▶ **Exercise goal**: Using the data below, output a verbatim copy of the lines between the one holding "Зеленський здійснив візит до Туреччини 12" and the one holding "VILLA A SCHIERA A SARNICO", inclusive, without any pictures.

(Brief descriptive captions)
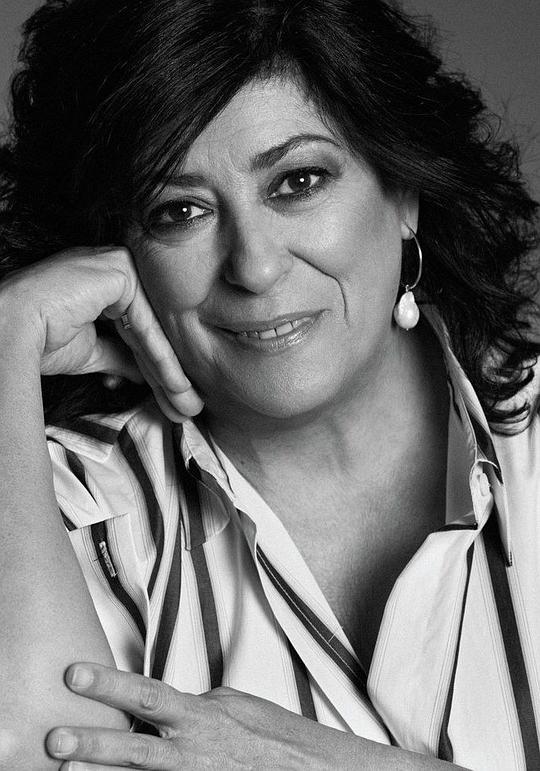 阿尔穆德娜·格兰德斯 Almudena Grandes照片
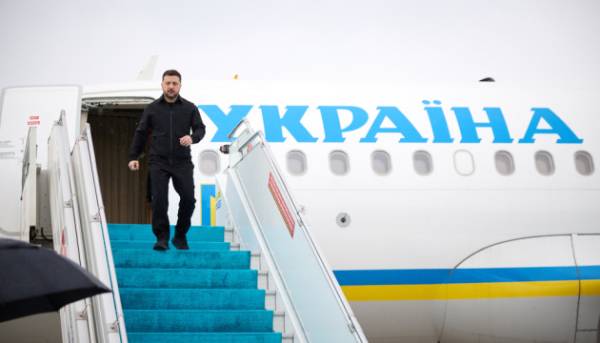 Зеленський здійснив візит до Туреччини 12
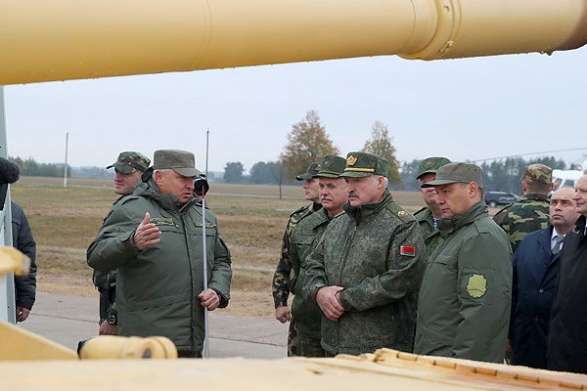 Лукашенко обіцяє надати зброю у кожну білоруську сім'ю 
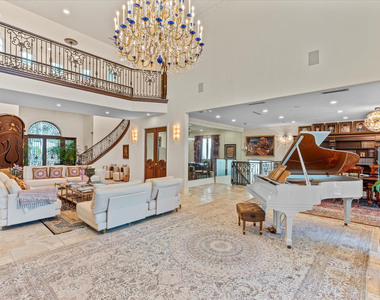 555 Ocean Boulevard - Photo Thumbnail 8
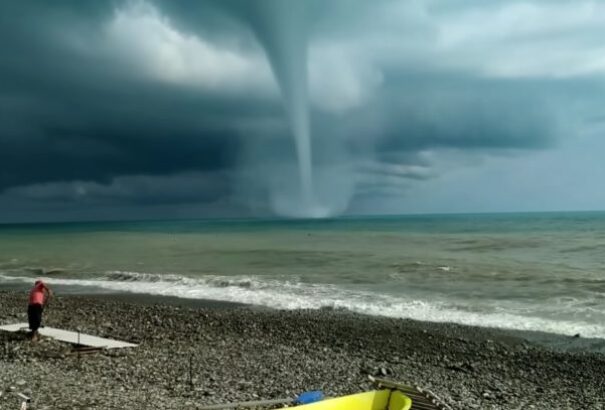 Hatalmas víztölcsér alakult ki Szocsi partjainál (+videó)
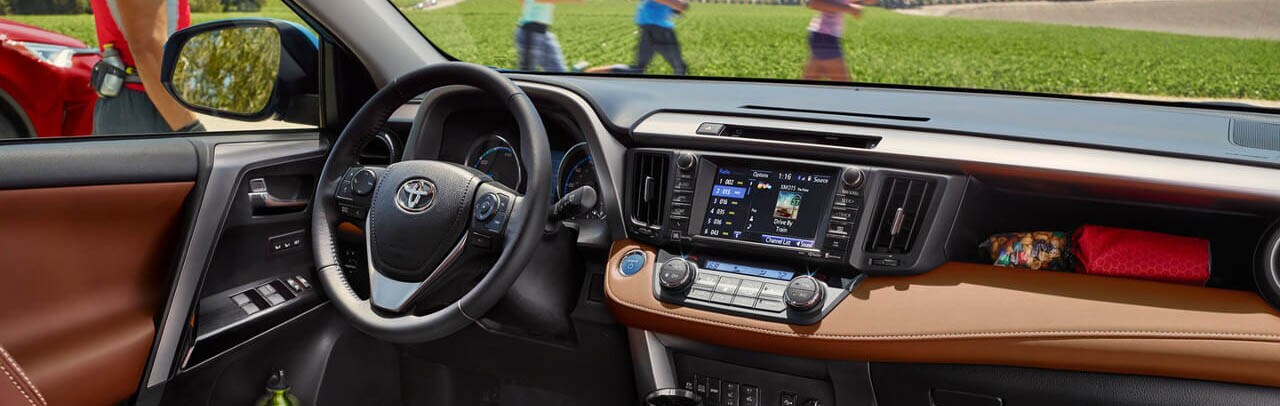 2018 Toyota RAV4 Dashboard border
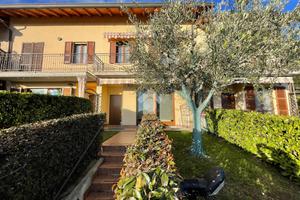 VILLA A SCHIERA A SARNICO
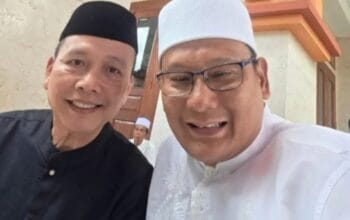 H.Hamzah , ” Warisan Perjuangan Harus Terus hidup Lintas Generasi “, Dalam Haul dan Halbil Kumpi H.Japat Bin Sian dan Hj.Aisyah binti Tiran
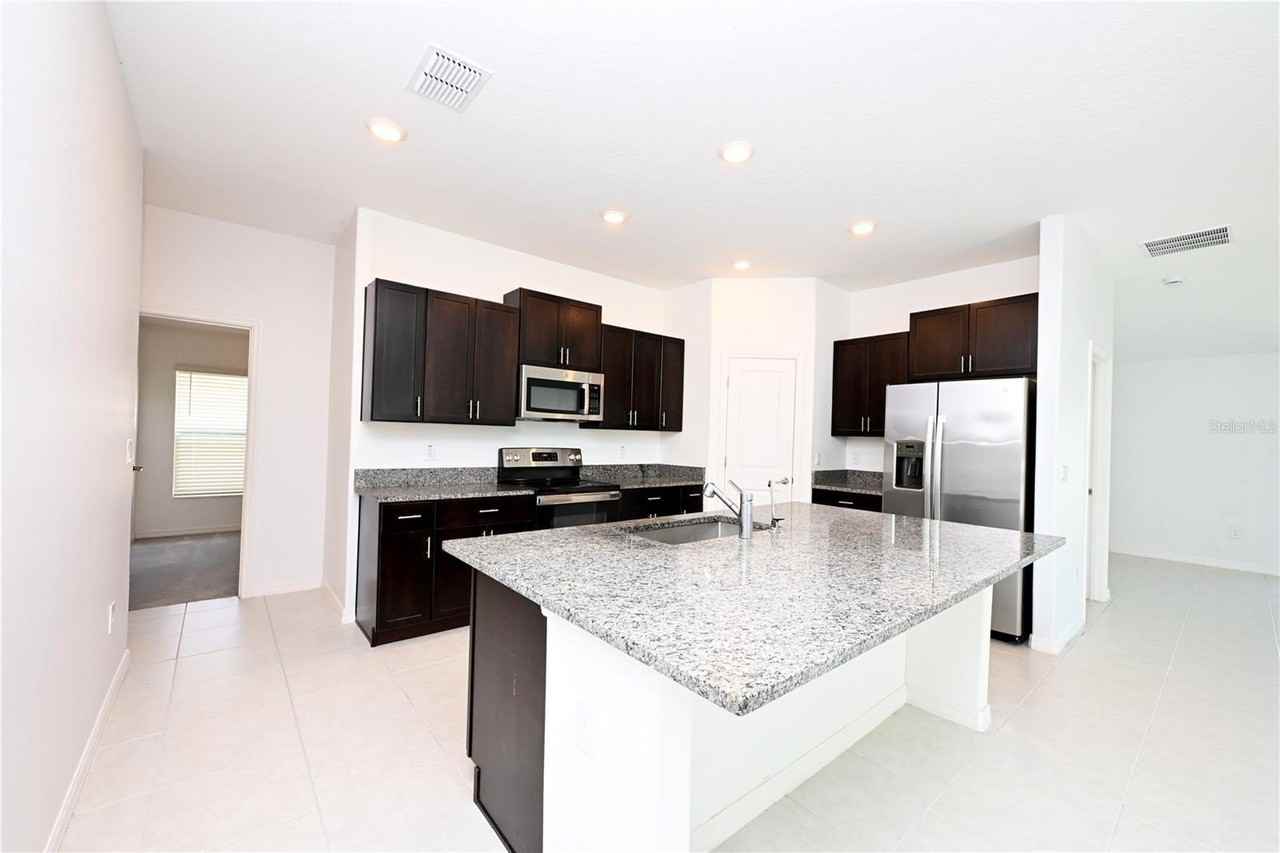 2674 Red Egret Dr - Photo 6 of 37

▶ **Solution**:
 Зеленський здійснив візит до Туреччини 12
 Лукашенко обіцяє надати зброю у кожну білоруську сім'ю 
 555 Ocean Boulevard - Photo Thumbnail 8
 Hatalmas víztölcsér alakult ki Szocsi partjainál (+videó)
 2018 Toyota RAV4 Dashboard border
 VILLA A SCHIERA A SARNICO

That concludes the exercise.